> Task material:
○ ○ ○ ○ ○
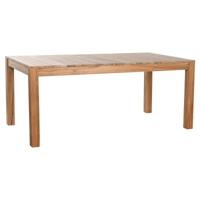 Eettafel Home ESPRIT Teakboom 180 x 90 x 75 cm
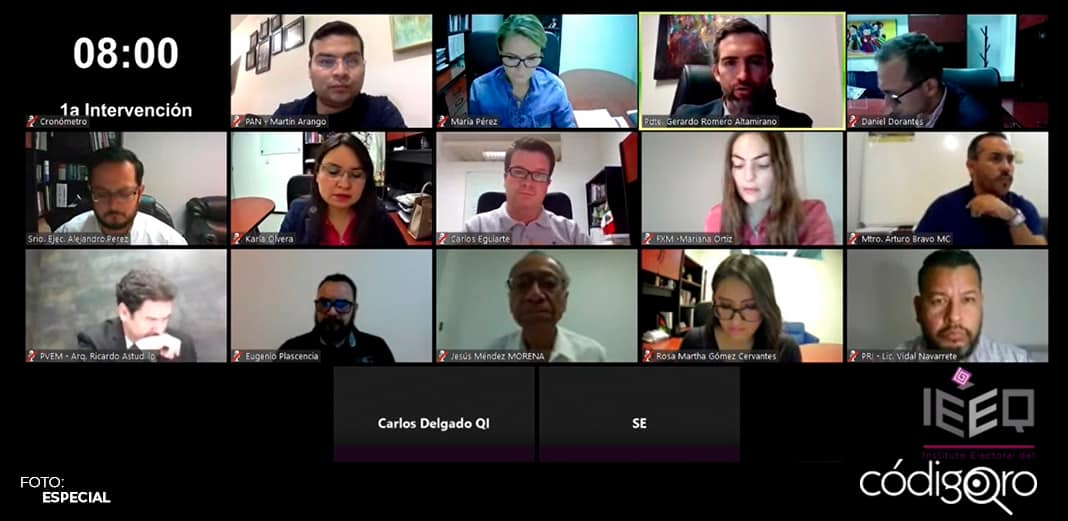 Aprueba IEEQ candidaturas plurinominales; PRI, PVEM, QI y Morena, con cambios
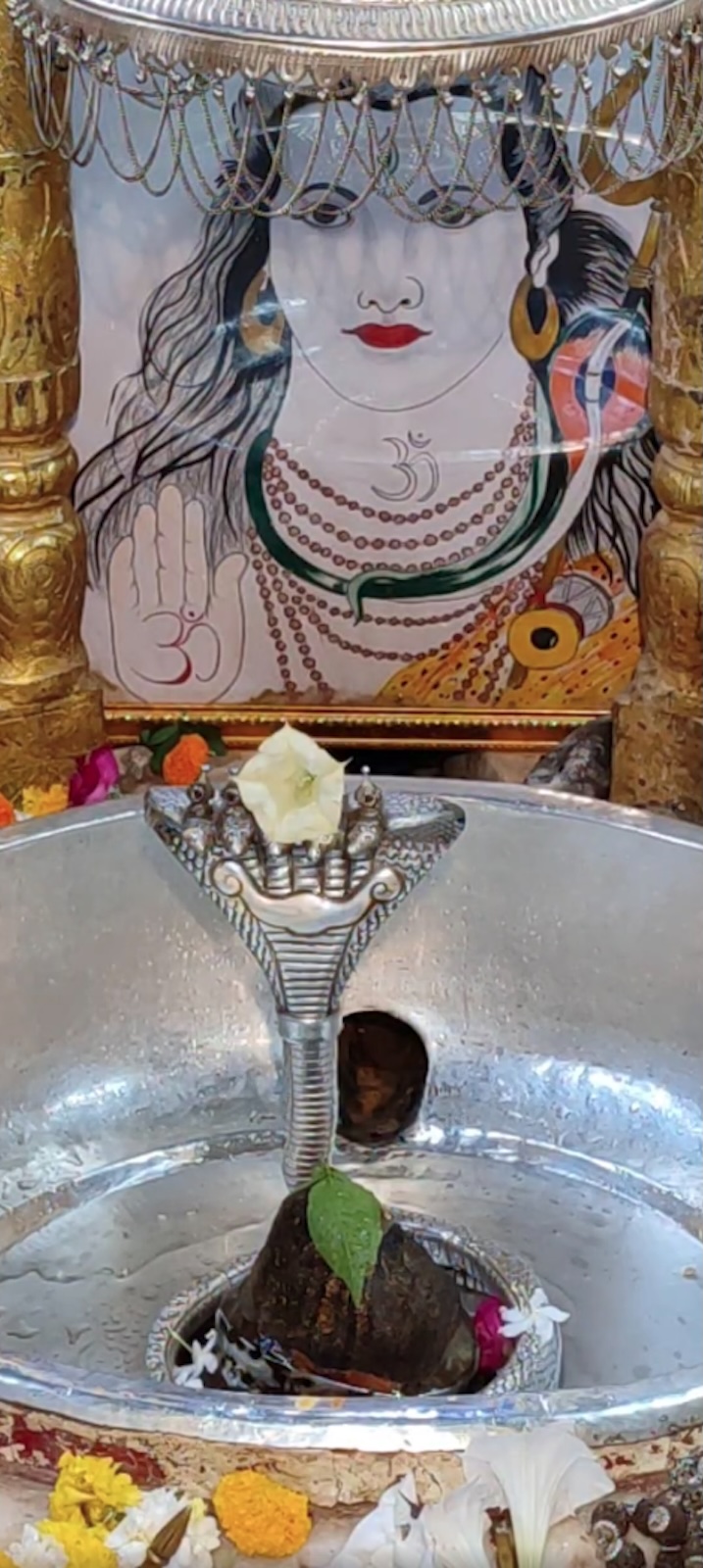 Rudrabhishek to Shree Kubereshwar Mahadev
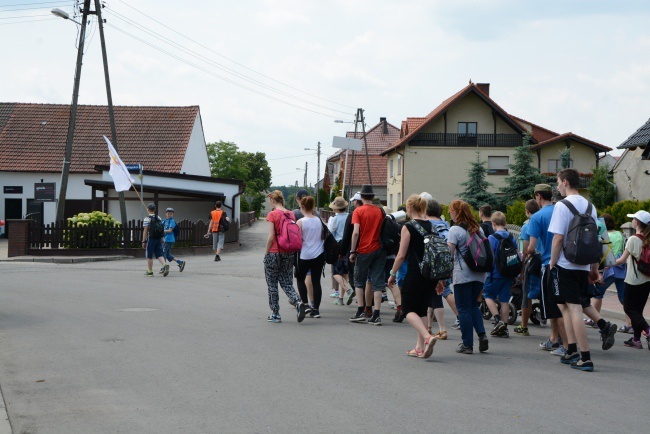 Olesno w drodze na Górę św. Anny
○ ○ ○ ○ ○
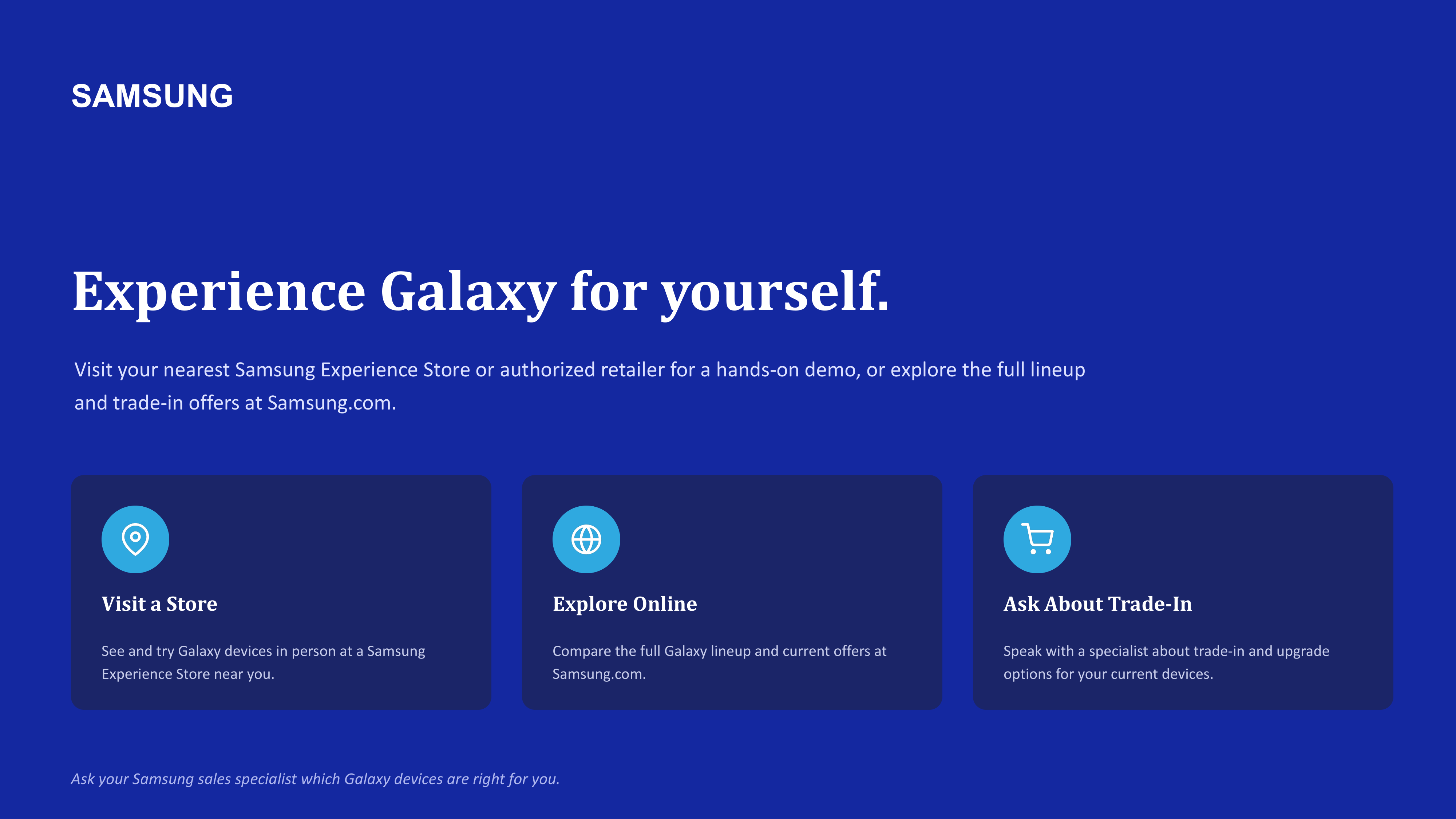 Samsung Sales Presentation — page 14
○ ○ ○ ○ ○
> Exercise prompt: From the data above, return exactly the lines from the one with "Aprueba IEEQ candidaturas" up to and including the one with "Olesno w drodze na Górę św. Anny". Pictures do not go in the copy.

> Task solution:
 Aprueba IEEQ candidaturas plurinominales; PRI, PVEM, QI y Morena, con cambios
 Rudrabhishek to Shree Kubereshwar Mahadev
 Olesno w drodze na Górę św. Anny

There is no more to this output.